Dört rehine öldürülüyor; olağan koşullarda bu tür başarısız bir operasyonda güvenlik güçleri topa tutulur ama garip ve sıra dışı bir şekilde alkışlanıyor!

Tüm Batı ülkelerinde basın yayın organları ilk andan itibaren olaya kilitleniyor ve konuyu dozajı da artırarak sürekli olarakgündemde tutuyor.

Fransız makamları, Cumhurbaşkanı da dâhil, olayı aydınlatacak bilgiler yerine, konu ile ilgisi olmayan siyasi mesajlar veriyor!

Dergi, İslam’ı ve Hz. Muhammet’i düşünce özgürlüğünü kapsamında eleştirdiğine içtenlikle inansa da, polemikten ve kutuplaşmadan beslenerek büyük tirajlar yapıyor ve iyi para kazanıyordu. Ama aynı zamanda, kabul edilse de edilmese de dinler arasındaki mesafeyi açarak, kin ve nefret tohumları ekiyordu!

Dergi, bu yönü ile farkında olmadan belirli bir istihbarat operasyonu için uygun koşullar yaratıyordu!

Terörist eylem (veya her neyse) yapıldı ve bitti ama sonuçları itibarı ile bu olay aşağıdaki gelişmelere gebedir.

Batı kamuoyunda çok güçlü bir İslam karşıtı hava yaratmıştır. Bu güçlü akım politik liderlerin ikiyüzlü mesajları ile durdurulamaz. Eninde sonunda politik bir karşılık bulacaktır.

Yaratılan İslam düşmanlığı ekseninde Avrupa, aralarındaki sorunları erteleyerek bir araya getirilecek ve daha sonra düşmanların kapsamı genişletilecektir.

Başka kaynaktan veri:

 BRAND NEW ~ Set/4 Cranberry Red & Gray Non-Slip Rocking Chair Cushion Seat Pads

Batı dünyasında sadece Müslümanlar değil, kendilerinden olmayan tüm etnik gruplar baskı altında tutulacak, gelişmelerini engelleyecek, yaşantılarını kısıtlayacak yasal ya da dolaylı önlemler alınacaktır.

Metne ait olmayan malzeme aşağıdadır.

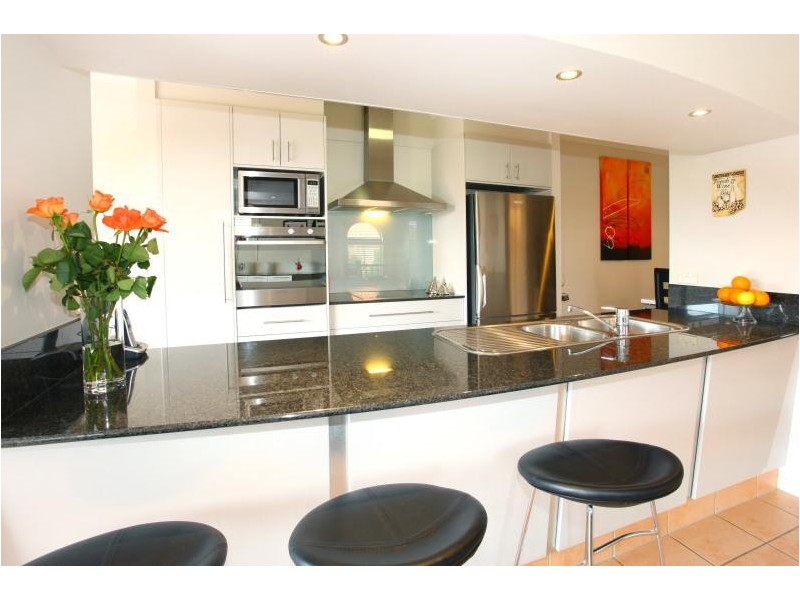 33/85 Palm Meadows Drive, Carrara QLD 4211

Batıda hükümetler örtülü olarak ırkçı politikalar etrafında toplanacak ve AB’yi bu kulvara doğru itecektir. Böylece Avrupa’da yükselen ve AB’yi tehdit eden milliyetçi partilerin önü kesilecektir.

Ulusal güvenlik gerekçeleri ile baskı yasaları art arda çıkarılarak, Avrupa’da düşünce özgürlüğü ve örgütlenmenin alanı daraltılacak ve böylece finans kapitalin izin vermediği partilere hayat hakkı tanınmayacaktır.

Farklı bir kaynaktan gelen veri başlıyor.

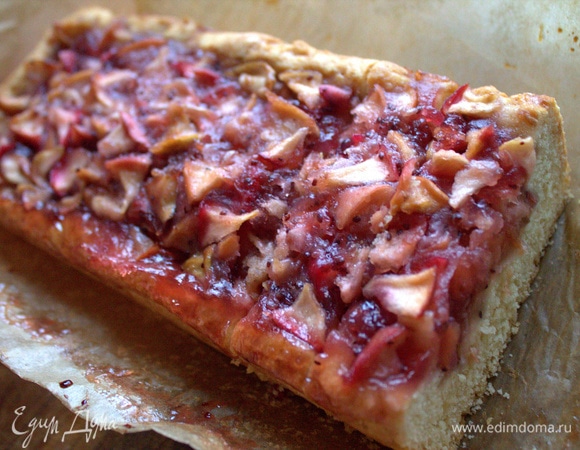 Начинка при выпекании слегка поднимется, потом выровняется на место.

Filistin’i bir devlet olarak tanıyan Avrupa bu kararını gözden geçirmeye zorlanacaktır.

Yeni yapılacak düzenlemelerle, finans kapital ve silah sanayinin denetiminde ABD normlarına yaklaşacak AB, Avrupa-Atlantik ittifakına daha da sıkı bağlanacak ve güvenlik politikaları için daha fazla kaynak ayıracaktır.

Birlikte hareket edecek ABD ve AB, küresel düzeyde gerilimi tırmandırarak, her türlü siyasi, ekonomik ve askeri vasıtayı kullanacak ve Uzak Asya merkezli Avrasya’nın yükselişini durdurmaya çalışacaktır.

Terör hiçbir zaman sadece terör değildir; hedefini vurduğunda kirli siyasetin ideal bir aracı olur. Paris’te teröre kurban düşen günahsız insanların aileleri acı içinde kıvranırken, bu işi kotaranlar dünyaya daha büyük acılar vermek için ellerini kovuşturuyorlar… Toprakları bol olsun; hayatlarını kaybeden mizahçılar, asla böyle sonuçların doğmasını istemezlerdi!

Ünlü Alman filozof İmmanuel Kant (1724-1804), “Aydınlanmayı, insanlığın aklını kullanma cesaretini göstermesi!” olarak tanımlıyordu. Acaba, bunca badireler atlattıktan sonra insanlık, olguları alt alta koyarak, herhangi bir toplumsal olayı sağlıklı olarak analiz edebilme yeteneğine kavuştu mu?

İnsanlığın yarattığı tüm değerlere düşman 3-5 kurnaz, yazdıkları ucuz senaryolarla, devletleri, halkları ve tüm insanlığı istedikleri şekilde gütmeye devam mı edecek?